# Thin ribbon connectors



## zamistro (Oct 14, 2009)

I have a thousand or more of these.







1. Is there a solvent I can use to remove the brownish coating to see if the gold extends unerneath?

2. These are less than three years old. Despite the surprisingly "chunky" look of some of them I know the PM is flashed on. Still, any (gu)estimate as to yield per pound?

3. I'd appreciate recommendations on the best processing method for these.


----------



## lazersteve (Oct 14, 2009)

If you are setup for incineration that would be the way to go. The mylar/plastic melts very easily and the metal will separate. Expect some copper under the gold.

Steve


----------



## zamistro (Nov 2, 2009)

lazersteve said:


> If you are setup for incineration that would be the way to go. The mylar/plastic melts very easily and the metal will separate. Expect some copper under the gold.
> 
> Steve



Ok. Dumb question, but what would I do after I incinerated them?


----------



## AlanInMo (Nov 3, 2009)

You'll probably then need to spend some time reading/learning to determine which process best suits your extraction needs. I've been here a month (many sleepless hrs) and still have hundreds of unread posts to view. I warn you this place is just like catching gold fever, can't get enough. :lol: 


Here's a good place to start -> *http://goldrefiningforum.com/phpBB3/viewforum.php?f=37*

Watching Steve's videos is a "must do" -> *http://www.goldrecovery.us/site.asp*


----------



## lazersteve (Nov 3, 2009)

zamistro said:


> lazersteve said:
> 
> 
> > If you are setup for incineration that would be the way to go. The mylar/plastic melts very easily and the metal will separate. Expect some copper under the gold.
> ...




Dilute (35%) nitric should do the job. If you don't have any, then try AP.

Steve


----------



## zamistro (Nov 3, 2009)

lazersteve said:


> zamistro said:
> 
> 
> > lazersteve said:
> ...



Thank you. Would the ash cause problems when filtering?


----------



## Harold_V (Nov 4, 2009)

zamistro said:


> Would the ash cause problems when filtering?
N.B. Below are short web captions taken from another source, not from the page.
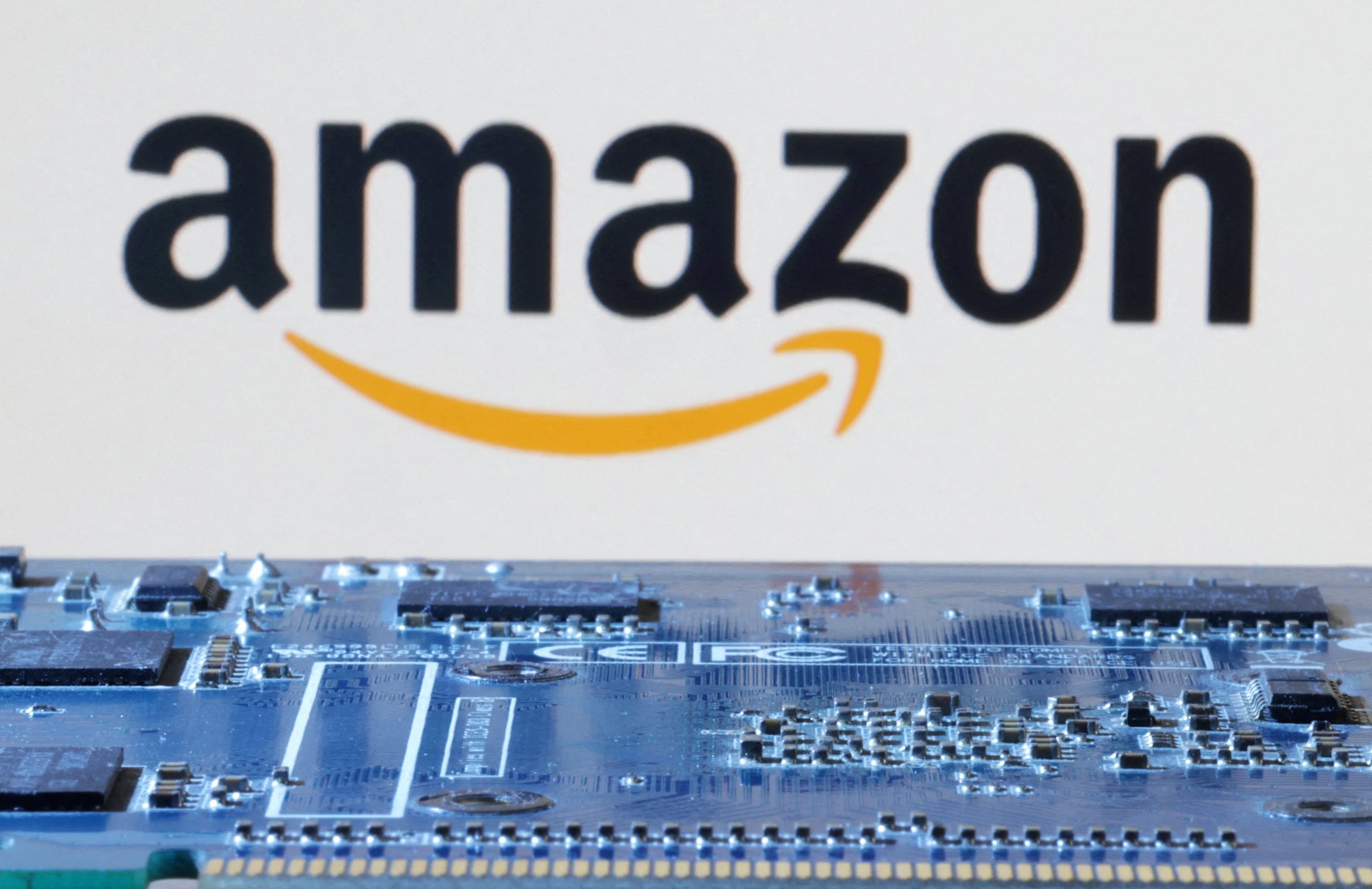 Amazon guarda en depósitos servidores de IA por USD 5.000 millones porque no tiene electricidad para usarlos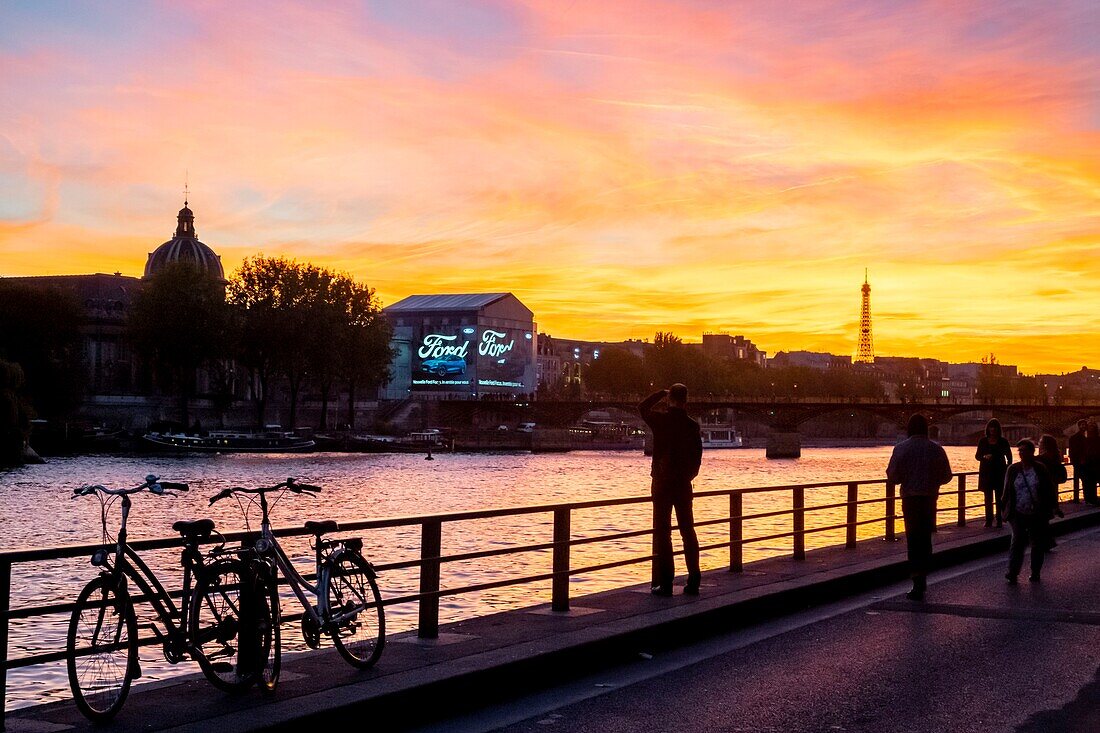 France, Paris, sunset on the Seine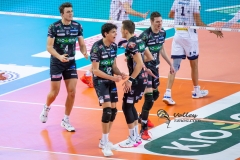 7DC3E6AD-2C8D-4613-96B9-75CD40FCCF7F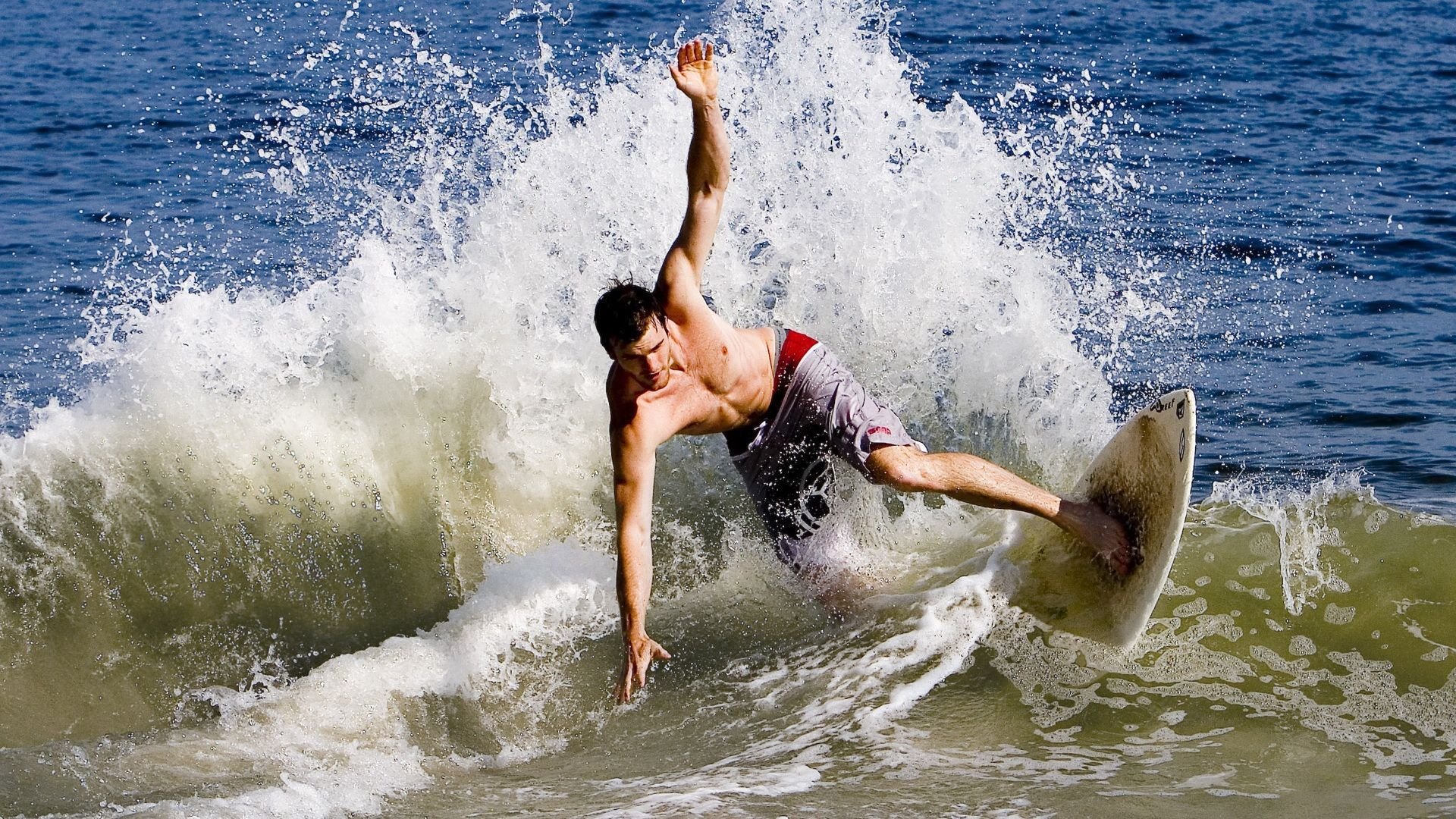 绿军塔图姆化身关键先生，湖人战术体系粉碎奇才防守之谜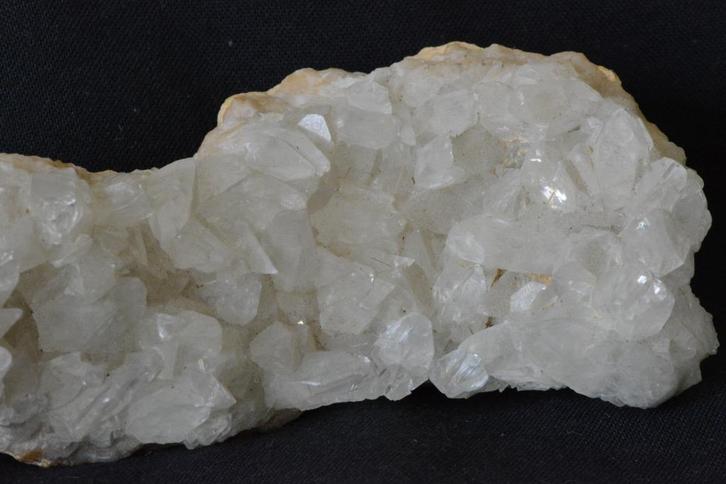 Calcietkristallen op matrix – Sefrou, Marokko, Verzamelen, Mineralen en Fossielen, Ophalen of Verzenden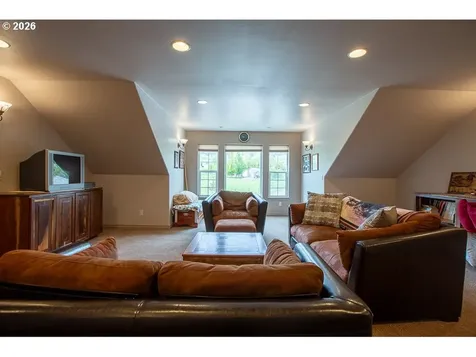 318 S 20th Street La Grande OR 97850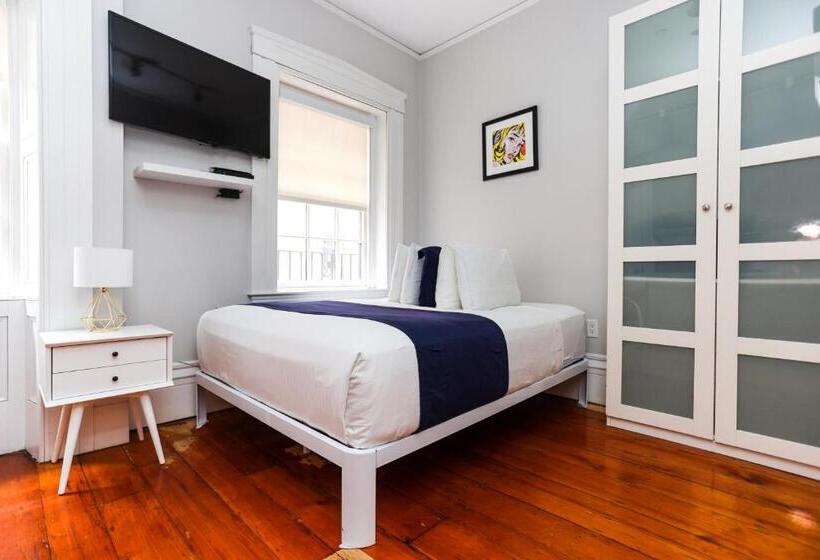 Charming & Stylish Studio On Beacon Hill #12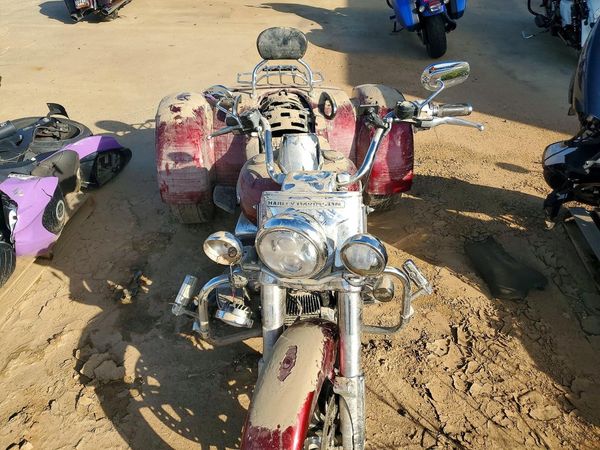 2017 HARLEY-DAVIDSON FL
If, at any time, you have a problem filtering a solution due to contamination, incineration is your friend. Before the values are dissolved, incinerate the material to kill any traces of acids, then digest the material in HCl, followed by several rinses with tap water. That process will generally dissolve and remove materials that create filtration problems. 

Harold


----------



## zamistro (Nov 6, 2009)

OK. I've got several hundred marinating in AP now. I think my biggest problem may be rinsing the foils out from between the ribbons.


----------